VOR DER ESKALATION DES KALTEN KRIEGES
Das Jahr 1954 war in EUROPA von einer weiteren Verschärfung des Gegensatzes zwischen dem WESTEN und der SOWJETUNION gekennzeichnet, insbesondere ab dem Zeitpunkt, als die BUNDESREPUBLIK DEUTSCHLAND am 25.10.1954 der NATO beitrat. Dieser NATO-Beitritt DEUTSCHLANDs war es aber, der die SOWJETUNION zu einer Änderung ihrer Haltung in der österreichischen Frage veranlaßte. Die SOJWETUNION löste das österreichische Problem vom deutschen Friedensvertrag und zwar auch aus der strategischen Überlegung, daß die neutrale SCHWEIZ und ein zumindest bündnisfreies ÖSTERREICH einen territorialen Riegel zwischen den NATO-Staaten im Norden und den NATO-Staaten im Süden EUROPAS bilden.
Das Jahr 1955 sollte den endgültigen Durchbruch bringen. Am 8. Februar 1955 hielt der sowjetische Außenminister MOLOTOW eine außenpolitische Grundsatzrede, in der u.a. die Verzögerung des österreichischen Staatsvertrages für ungerechtfertigt angesehen wurde. Der Abzug der Besatzungstruppen aus ÖSTERREICH könne auch zu einem Zeitpunkt erfolgen, der vor dem Friedensvertrag mit DEUTSCHLAND läge. ÖSTERREICH müßte sich aber verpflichten, keinerlei Militärbündnisse einzugehen. Die österreichische Regierung werde diesbezüglich zu Verhandlungen eingeladen.

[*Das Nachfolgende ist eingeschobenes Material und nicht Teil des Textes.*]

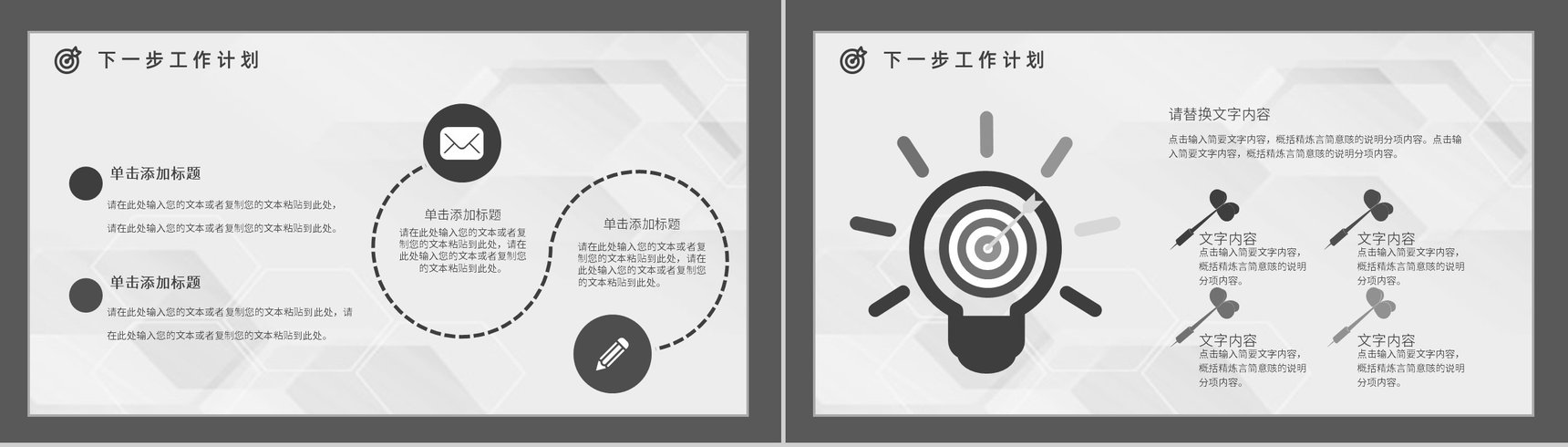 OKR目标管理课程学习概念意义培训知识总结汇报通用PPT模板-16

Nach Rücksprache mit den Westalliierten USA, GROSSBRITANNIEN und FRANKREICH nahm ÖSTERREICH Fühlung mit der SOWJETUNION auf. ÖSTERREICH erhielt Ende März eine Einladung zu Gesprächen in MOSKAU und wurde beschlossen, eine Regierungsdelegation zu entsenden. Diese bestand aus Bundeskanzler RAAB, Vizekanzler SCHÄRF, Außenminister FIGL und Staatssekretär KREISKY. In schwierigen Verhandlungen zwischen dem 11. und 14.4.1955 wurden die noch fehlenden Bestimmungen des Staatsvertrages ausgehandelt und dabei u.a. eine bedeutende Verringerung der Reparationszahlungen an die SOWJETUNION erzielt.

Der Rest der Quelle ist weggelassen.